---- Information supplied

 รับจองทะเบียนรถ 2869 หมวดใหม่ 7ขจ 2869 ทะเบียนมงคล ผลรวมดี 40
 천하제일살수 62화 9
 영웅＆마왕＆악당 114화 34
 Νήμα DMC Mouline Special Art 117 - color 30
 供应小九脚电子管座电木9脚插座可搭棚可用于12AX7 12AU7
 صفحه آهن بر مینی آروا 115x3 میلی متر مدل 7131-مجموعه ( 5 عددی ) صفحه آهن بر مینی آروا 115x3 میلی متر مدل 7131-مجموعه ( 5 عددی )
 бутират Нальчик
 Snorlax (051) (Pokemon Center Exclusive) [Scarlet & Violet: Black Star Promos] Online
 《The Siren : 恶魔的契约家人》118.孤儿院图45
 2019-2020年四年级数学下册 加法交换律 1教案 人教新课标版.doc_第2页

--------
---- Information supplied

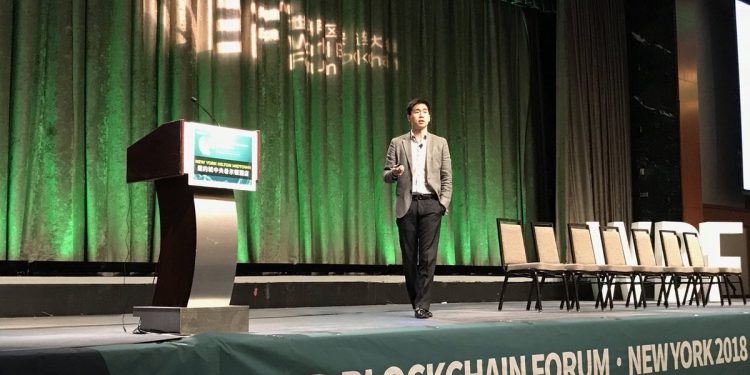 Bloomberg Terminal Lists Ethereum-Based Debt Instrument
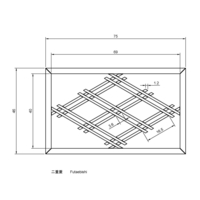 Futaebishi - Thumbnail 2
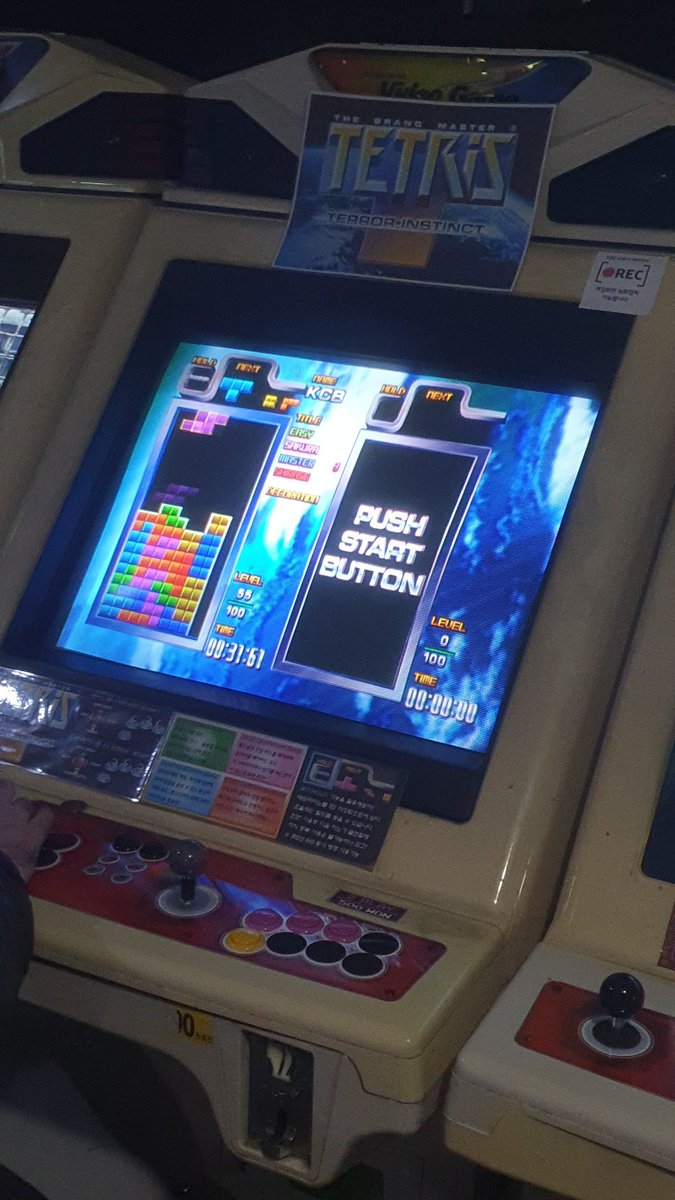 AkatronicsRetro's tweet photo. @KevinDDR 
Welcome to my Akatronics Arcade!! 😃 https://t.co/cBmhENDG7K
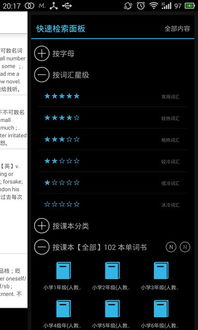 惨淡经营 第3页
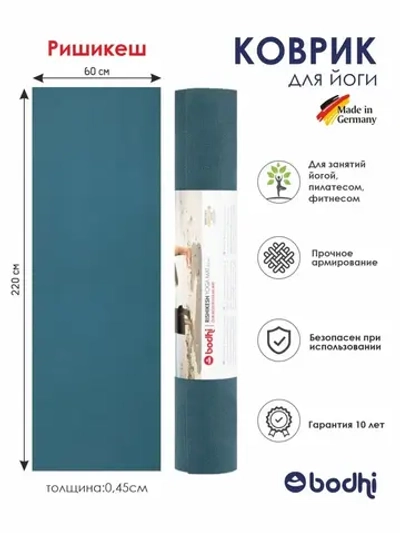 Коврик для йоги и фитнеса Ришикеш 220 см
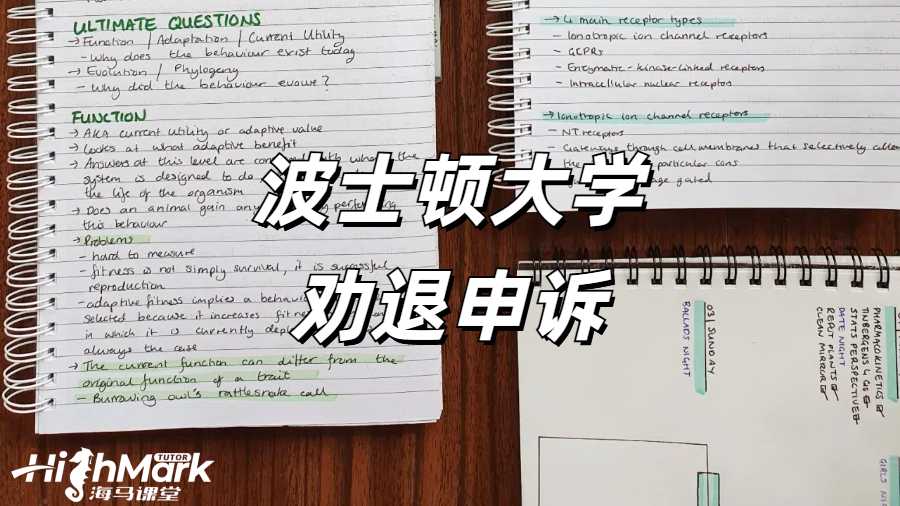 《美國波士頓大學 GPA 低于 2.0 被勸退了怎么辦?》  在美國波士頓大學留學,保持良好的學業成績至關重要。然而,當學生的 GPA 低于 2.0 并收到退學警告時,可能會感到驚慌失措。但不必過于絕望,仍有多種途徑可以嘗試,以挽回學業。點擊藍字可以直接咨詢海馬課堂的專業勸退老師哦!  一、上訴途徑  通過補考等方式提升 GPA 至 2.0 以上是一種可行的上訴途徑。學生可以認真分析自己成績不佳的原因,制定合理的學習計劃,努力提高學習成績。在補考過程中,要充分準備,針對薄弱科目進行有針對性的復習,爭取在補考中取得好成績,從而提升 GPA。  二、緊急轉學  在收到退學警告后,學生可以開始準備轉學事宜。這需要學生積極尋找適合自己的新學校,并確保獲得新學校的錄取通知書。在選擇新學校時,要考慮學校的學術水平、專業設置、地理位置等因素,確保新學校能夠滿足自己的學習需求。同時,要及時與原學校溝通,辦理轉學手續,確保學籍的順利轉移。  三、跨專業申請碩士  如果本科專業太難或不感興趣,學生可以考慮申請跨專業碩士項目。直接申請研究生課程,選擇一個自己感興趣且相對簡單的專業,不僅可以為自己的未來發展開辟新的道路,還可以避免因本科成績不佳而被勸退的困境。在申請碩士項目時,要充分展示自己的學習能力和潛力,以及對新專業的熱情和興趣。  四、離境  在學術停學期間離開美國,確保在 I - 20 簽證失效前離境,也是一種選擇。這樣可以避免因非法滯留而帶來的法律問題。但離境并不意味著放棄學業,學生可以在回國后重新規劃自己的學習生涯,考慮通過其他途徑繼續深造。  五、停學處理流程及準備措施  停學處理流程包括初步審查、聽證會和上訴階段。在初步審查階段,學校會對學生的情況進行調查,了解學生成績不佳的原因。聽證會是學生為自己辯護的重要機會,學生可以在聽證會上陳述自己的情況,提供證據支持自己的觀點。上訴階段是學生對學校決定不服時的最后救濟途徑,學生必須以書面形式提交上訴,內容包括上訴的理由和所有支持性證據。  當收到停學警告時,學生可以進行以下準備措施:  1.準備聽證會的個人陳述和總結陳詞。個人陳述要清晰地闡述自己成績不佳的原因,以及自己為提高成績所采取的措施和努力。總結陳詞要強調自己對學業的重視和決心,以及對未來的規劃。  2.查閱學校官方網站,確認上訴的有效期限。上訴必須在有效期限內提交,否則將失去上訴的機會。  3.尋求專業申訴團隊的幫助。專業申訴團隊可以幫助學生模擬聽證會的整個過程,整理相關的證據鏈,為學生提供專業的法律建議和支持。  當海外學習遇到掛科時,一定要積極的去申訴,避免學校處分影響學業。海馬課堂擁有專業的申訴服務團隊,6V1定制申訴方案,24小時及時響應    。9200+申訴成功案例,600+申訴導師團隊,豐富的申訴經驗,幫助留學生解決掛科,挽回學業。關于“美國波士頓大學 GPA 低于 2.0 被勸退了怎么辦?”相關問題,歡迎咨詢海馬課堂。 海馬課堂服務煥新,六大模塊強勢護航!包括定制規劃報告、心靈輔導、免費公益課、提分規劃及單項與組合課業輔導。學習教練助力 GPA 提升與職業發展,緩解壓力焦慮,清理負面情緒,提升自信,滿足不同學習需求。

--------

Required work: In the entries above, find the line with "รับจองทะเบียนรถ 2869 หมวดใหม่" and the line with "Siren : 恶魔的契约家人》118.孤儿院图45", then restate word for word both of them and every line between, with nothing more.

Answer section:
 รับจองทะเบียนรถ 2869 หมวดใหม่ 7ขจ 2869 ทะเบียนมงคล ผลรวมดี 40
 천하제일살수 62화 9
 영웅＆마왕＆악당 114화 34
 Νήμα DMC Mouline Special Art 117 - color 30
 供应小九脚电子管座电木9脚插座可搭棚可用于12AX7 12AU7
 صفحه آهن بر مینی آروا 115x3 میلی متر مدل 7131-مجموعه ( 5 عددی ) صفحه آهن بر مینی آروا 115x3 میلی متر مدل 7131-مجموعه ( 5 عددی )
 бутират Нальчик
 Snorlax (051) (Pokemon Center Exclusive) [Scarlet & Violet: Black Star Promos] Online
 《The Siren : 恶魔的契约家人》118.孤儿院图45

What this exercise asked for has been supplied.